Ever wonder what our vehicles would say to one another, or we humans, if they could talk? Many of you are likely shaking your heads “no” and thinking, “Honestly, I’m given more thought to growing hair on a golf ball.”
But as you prepare for the remainder of the week, and for some, the start of another school year, pause a moment with me and consider the possibilities.
Would different makes of cars view each other with the same level of contempt that some of their owners do?
“Hey Ford, is it true they make you out of pig iron?”
“No, because I only notice a swine stench when I’m parked next to Chevys.”
Maybe Fords and Chevys actually have gained a mutual respect for one another by now and reserve their disdain for foreign interlopers.
“Hey import, we drive on the right side of the road over here!”

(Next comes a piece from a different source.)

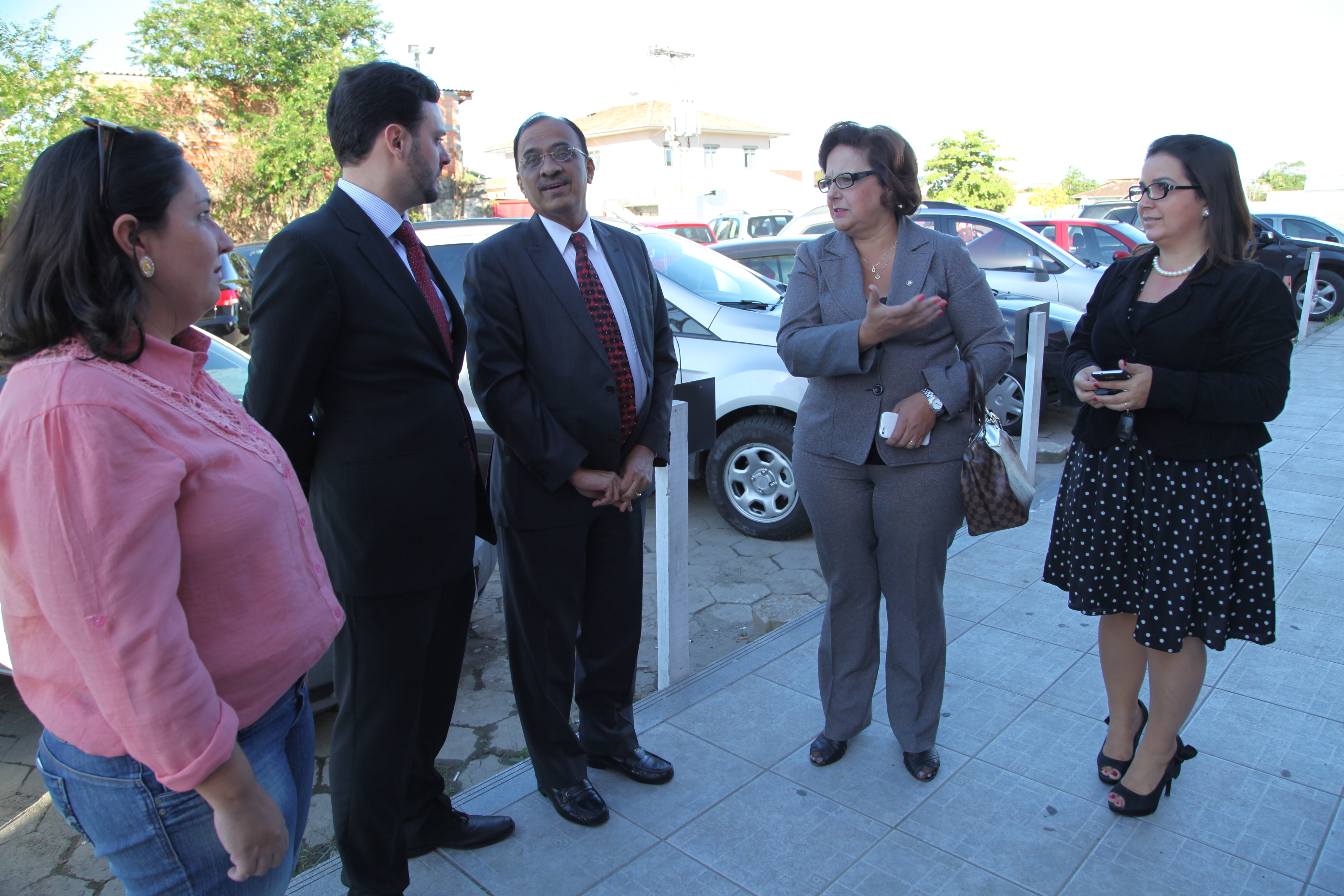 Visita do presidente da IFA, Dr. K. R. Gangadharan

“In America, we get gas by the gallon, not the liter.”
Imagine all the chatter one could hear on a car lot.
“Where did that nice, new minivan go that was parked over there the other day?”
“Oh, it was sold yesterday while you were out on a test drive. A family with five kids and a dog bought it.”
“Too bad. Its interior will never be clean again.”
The comments made outside a mechanic’s shop might be interesting to eavesdrop on.
“My ‘check engine’ light was on for months. But did my owner pay any attention? No-o-o-o. I showed him good. I quit in the middle lane of a three-lane highway during rush hour. I bet he pays attention the next time I try to tell him something is wrong.”
I raise this subject today because I’ve given considerable thought to what one of my cars might have to say these days.
After one of our two minivans died some months ago, we bought a used Buick Century. Because it had fewer miles and our remaining van developed significant “health” issues, the Buick became our primary vehicle. One of the perks of its status was that it got to take up residence in our basement garage.
It “slept” there each night until June when after our other van died, we broke down and got another newer car. After that purchase the Buick found itself sitting outside on a regular basis. Since that change of parking spots I’ve often found myself wondering what the Buick might be thinking, and saying, if it could.
“Hey! What gives? What did I do wrong? Why am I sleeping outside now? I was here first. Wasn’t I the one who took you on vacation to South Carolina this year without a bit of trouble while your new car stayed home in the garage? And why am I the one stuck with the teen-age driver? Where’s the love?”
A couple of weekends ago I broke down and decided to give both cars a bath. When the two-hour-plus chore was done, the new car went back in the basement while the Buick sat outside.
I could almost hear the Buick remark, “I appreciate being given a bath, but I have to ask: Are you some kind of a moron? Why would you go to so much trouble when I’m still going to be parked beneath a sap-leaking tree that seems to be a gathering point for a majority of the neighborhood’s birds?”
The car’s points, if it could have made them, are valid. The morning after I’d washed the Buick I looked out the window and there was a blob of bird poo strategically located on the middle of its roof.
That led me to consider: What would birds say if they could talk?